Ryszard Skrobek

Personal information
- Born: 4 July 1951 (age 75) Oleśnica, Poland

Chess career
- Country: Poland
- Title: International Master (1978); ICCF Grandmaster (1990);
- Peak rating: 2460 (January 1978)

= Ryszard Skrobek =

Polish chess player (born 1951)

Ryszard Skrobek (born 4 July 1951) is a Polish chess player who won the Polish Chess Championship in 1977. FIDE International Master (1978). ICCF Grandmaster (1990).

==Chess career==
Ryszard Skrobek has been one of the biggest surprises in the history of the individual Polish Chess Championships. In 1977 Polish Chess Championship in Piotrków Trybunalski he as a relatively little-known chess player in convincing style won title, ahead of Włodzimierz Schmidt and Aleksander Sznapik. From 1975 to 1987 Skrobek played six times in the Polish Chess Championship's finals. He has participated in several international tournaments. The best results are first places in Hradec Králové (1977) and in the tournament at Cuba (1978). He was awarded the International Master title in 1978. In 1979 he represented Poland in World Chess Championship zonal tournament in Warsaw.

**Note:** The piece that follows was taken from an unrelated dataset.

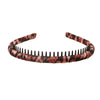Women's Cloth Handmade Simple Nonslip Toothed Basic Bangs Broken Hair Band For Washing Face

Ryszard Skrobek is one of the strongest Polish correspondence chess player. In 1983 he won Polish Championship in correspondence chess. In the 13th Correspondence Chess Olympiad finals (25.11.2004-22.12.2009) Skrobek won the bronze medal. He was awarded the ICCF International Master title in 1989 and ICCF Grandmaster title in 1990.

Ryszard Skrobek played for Poland in World Student Team Chess Championship:
- In 1977, at second board in the 22nd World Student Team Chess Championship in Mexico City (+2, =2, -7).